Captain Trevor Dale, Atrainability

The meeting was opened by the President, Dr Ewen Forrest, who welcomed members to the first LSA meeting of the year. He offered congratulations to Professor Jennifer Hunter (Life Vice-President) who has been awarded an MBE for services to medicine in the recent Queen's Birthday Honours. He also awarded the first ‘John Utting Travel Scholarship’ to Dr Luke Winslow for his poster presentation on the ‘Peri and Post Operative Care of High Risk Surgical Patients’ at the European Society of Intensive Care Medicine Annual Congress in Berlin. Luke will orally present his work at our February meeting.

Dr Forrest then introduced the speaker, Captain Trevor Dale, a former British Airways (BA) pilot who retired in 2005.  He had been a pioneer of crew resource management to improve decision making skills and communication on the flight deck and he is the founder of the company ‘Atrainability’ which provides human factors training in the aviation and healthcare industry.

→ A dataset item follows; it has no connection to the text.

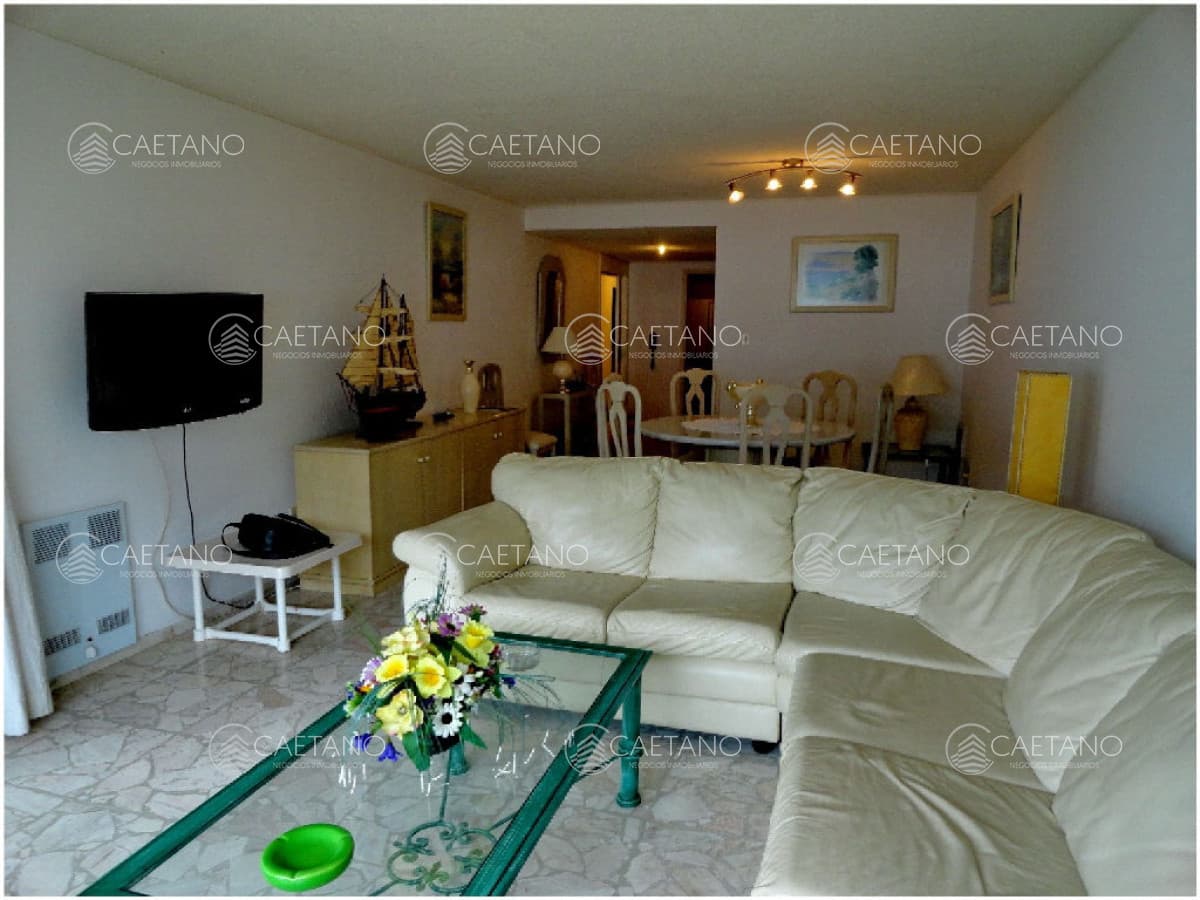 Apartamento sÃƒÂºper amplio y cÃƒÂ³modo , con espectacular vista, en primera lÃƒÂ­nea sobre Rambla de playa Mansa.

Captain Dale began his talk by commenting on the use of checklists when he was flying Boeing 747s where the same laminated version with no tick boxes and nowhere to sign (unlike the WHO checklist) was used for every flight. Since retirement, he had worked in healthcare, originally starting in Great Ormond Street Hospital (GOSH). Following the Bristol Royal Infirmary cardiac scandal, GOSH thought that their own morbidity and mortality data could be improved. He collected data on non clinical skills and he gave an example of the first aortic switch operation he saw on a tiny baby. There was no discussion with members of the theatre team prior to surgery, in stark contrast to the procedures on the flight deck. For example, Captain Dale commented the average short haul pilot will do eight briefings and debriefings on a four sector day. Human factors training had been introduced into a very sceptical peer group at BA. Subsequently, aviation has embedded this, with risk management training, into everything they do.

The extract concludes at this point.